Tryptophan biosynthesis in Mycobacterium tuberculosis

 

J. Shaun Lott,a Anthony J. Harrison,a Emily Parker,b Rochelle J. Ramsay,a
and Edward N. Bakera

 

aLaboratory of Structural Biology, School of Biological Sciences, University of Auckland, Private Bag 92-019, Auckland, New Zealand; bInstitute of Fundamental Sciences, Massey University, Private Bag 11-222, Palmerston North, New Zealand (s.lott@auckland.ac.nz)

 

 

Mycobacterium tuberculosis is the most successful pathogen of mankind. More people are killed by M. tuberculosis infection than by infection with any other bacterium. Recent estimates of the worldwide problem indicate that more than 1000 new cases of tuberculosis (TB) occur every hour, resulting in the death of more than 7000 people per day. Although TB is readily treated with antibiotic therapy, the treatment is slow (6-9 months) and incomplete therapy has given rise to TB strains which are resistant to one or all of the preferred antibiotics [1,2]. The rise of multiple drug resistant (MDR) TB strains has contributed to the increase in the incidence of TB in the major industrialised nations throughout the 1990s, reversing the steady decline of previous decades [3] and has precipitated the search for new therapies and antibiotics.

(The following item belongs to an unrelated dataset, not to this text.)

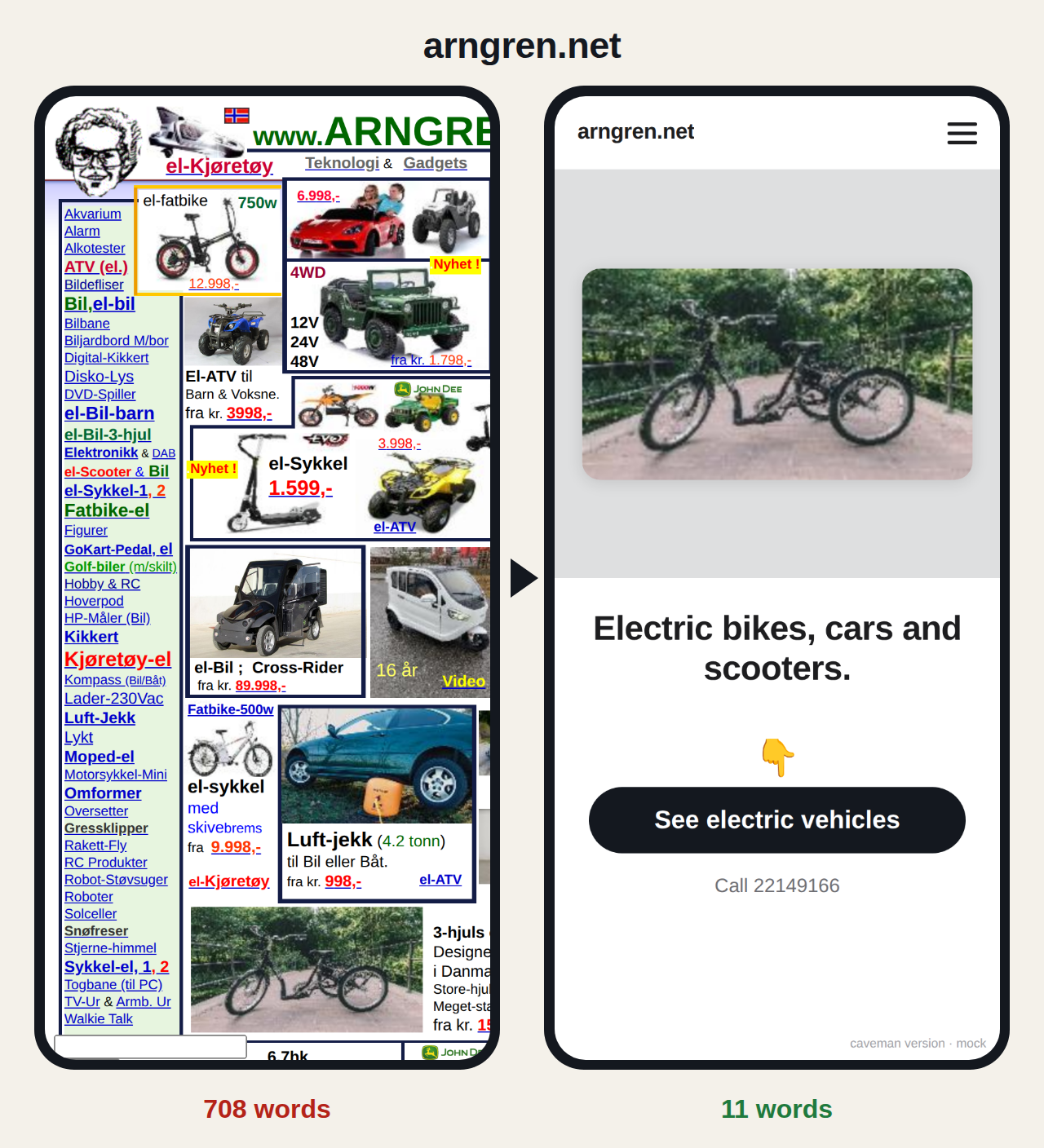 arngren.net before and after: 708 words become 11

Tryptophan biosynthesis makes an attractive target for the design of new anti-TB drugs, as auxotrophic mutants of M. tuberculosis are essentially avirulent [4] and the biosynthetic pathway is not present in humans. The first step in tryptophan biosynthesis is carried out by the anthranilate synthase (AS) complex, made up of two polypeptides, trpE and trpG. There are two candidates trpE ORFs in M. tuberculosis (Rv1609 and Rv2386c) but no clear candidate for trpG.  The second step in tryptophan biosynthesis is carried out by anthranilate phospho­ribosyltransferase, trpD (Rv2192c).

We have expressed in E. coli and purified trpD, trpE and trpE2 from M. tuberculosis as either GST fusion proteins or histidine-tagged proteins. TrpD has been crystallised and data has been collected from these crystals to a resolution of 2.3. TrpE2 has also been crystallised and these crystals diffract to a resolution of ~3.5. We are currently working to improve the quality of these crystals and to prepare selenomethionine-substituted protein for MAD phasing.

 

References

1           Rattan, A., Kalia, A. and Ahmad, N. (1998) "Multidrug-resistant Mycobacterium tuberculosis: Molecular Perspectives." Emerging Infectious Diseases 4, 195-209.

2           World Health Organisation (2000) Drug-resistant strains of TB increasing worldwide.

3           Stokstad, E. (2000) "Drug-Resistant TB on The Rise." Science, 287, 2391.

4           Smith, D.A., Parish, T., Stoker, N.G. and Bancroft, G.J. (2001) "Characterization of auxotrophic mutants of Mycobacterium tuberculosis and their potential as vaccine candidates." Infection & Immunity 69, 1142-1150.